In this case, the analysis began with a linguistic description of Diamond’s quotes (i.e., the quotations attributed to Daniel Wemp as his spoken words in the 4/21/08 New Yorker article). Those quotes were compared to an independent record of Daniel Wemp’s actual speech, based on verbatim transcripts of spoken interviews collected by Rhonda Roland Shearer. Quantitative analyses of the New Yorker quotes and the Daniel Wemp (DW) transcripts were carried out, to identify grammatical features that were frequent or rare.
Then, those quantitative findings were compared to previous large-scale corpus analyses of conversation and academic writing, to determine whether the New Yorker quotes were typical of the language normally used in conversation. The results were surprising: in many respects, the New Yorker quotes are much more similar to the language typically used in academic writing than to normal conversation.
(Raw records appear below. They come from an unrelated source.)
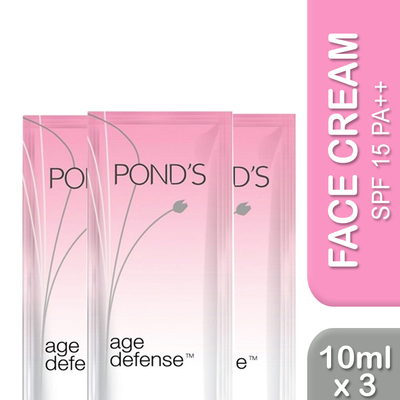 抗衰老Facecream旁氏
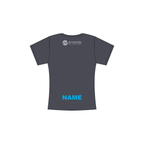 Short Sleeve Warm Up Tee image 1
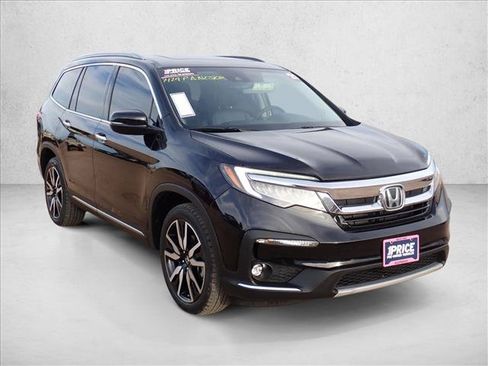 Used 2021 Honda Pilot Touring image 6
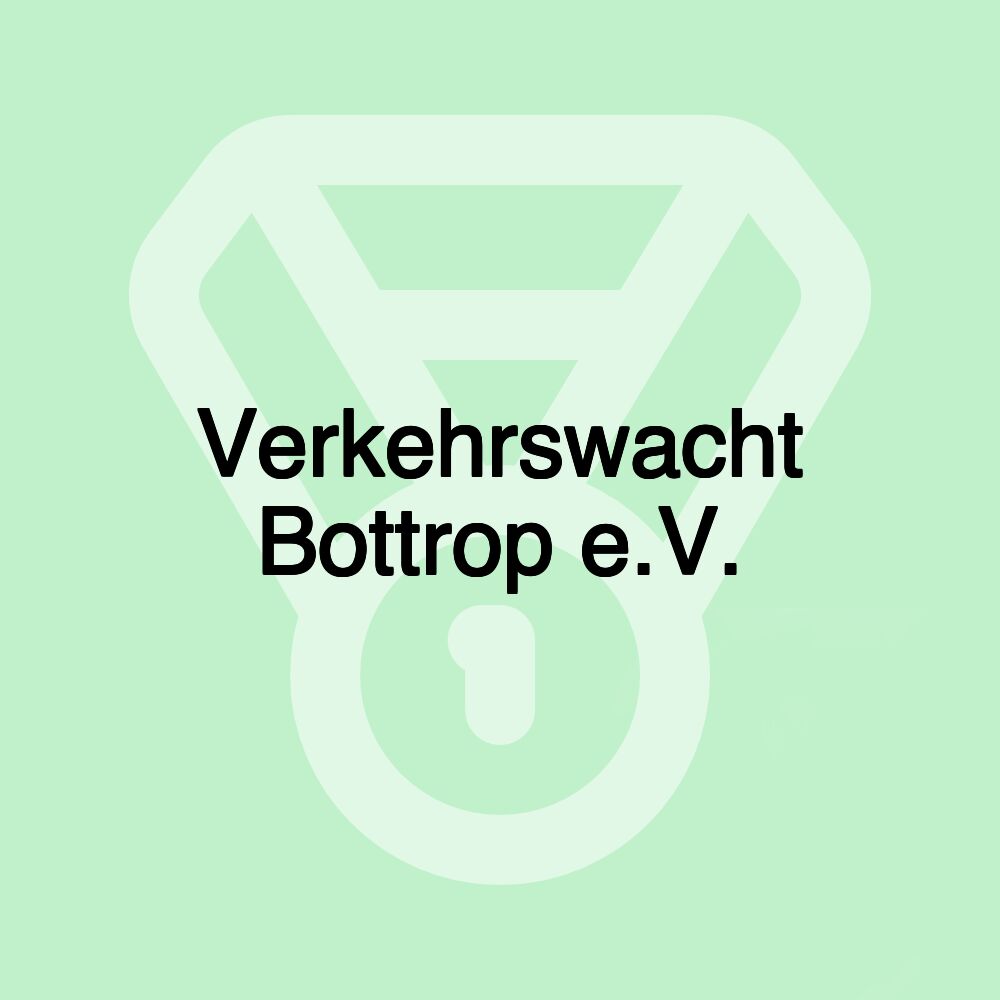 Verkehrswacht Bottrop e.V.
Most of the corpus analyses used for this comparison were taken from the 1,200-page Longman Grammar of Spoken and Written English (LGSWE; Biber et al., 1999). The research for the LGSWE was based on analysis of a very large corpus that represents four major varieties: conversation, fiction writing, newspaper writing, and academic writing. For example, the sub-corpus for conversation includes approximately 6.4 million words, produced by thousands of speakers. The sub-corpus for academic writing includes 5.3 million words from 408 different texts. Computational / quantitative analyses of these corpora allow us to make strong generalizations about the grammatical characteristics that are frequent or rare in conversation, contrasted with the features that are frequent/rare in academic writing. The detailed research findings in the LGSWE can be applied to characterize the linguistic style of individual texts, to describe the extent to which the language of that text is typical of conversation or academic writing.
This linguistic analysis shows that the Diamond quotes (language attributed to Daniel Wemp in the 4/21/08 New Yorker article) are atypical of speech. Rather, these claimed quotes contain numerous grammatical constructions that are common in formal academic writing but very rarely used in normal speech. Further, those same grammatical constructions are not used in the verbatim transcripts of actual speech produced by Daniel Wemp (referred to as DW below).
Taken together, the linguistic analyses indicate that it is extremely unlikely that the New Yorker quotations are accurate verbatim representations of language that originated in speech. To put it simply, normal people do not talk using the grammatical structures represented in these quotations. However, these quotations do include several grammatical structures found commonly in academic writing, suggesting that the quotations were produced in writing rather than being transcribed from speech.
Grammatical characteristics of the quotations in the New Yorker article
Certain characteristics of conversation are easy to notice, and so almost any portrayal of speech will include these features. For example, even unskilled novelists are certain to include these stereotypical features in their fictional dialogue. Contractions are probably the most noticeable feature of speech (e.g., it’s, he’s, I’m), and the quotations in the New Yorker article are typical of speech (and fictional dialogue) in that they incorporate numerous contractions
The use of simple coordinators (especially and) is also a salient characteristic of conversation, and the Diamond quotes incorporate frequent use of that feature. One major function of and is to connect clauses, and this use occurs frequently in both the Diamond quotes and in the actual transcribed speech of DW. For example:
If you die in a fight, you will be considered a hero, and people will remember you for a long time.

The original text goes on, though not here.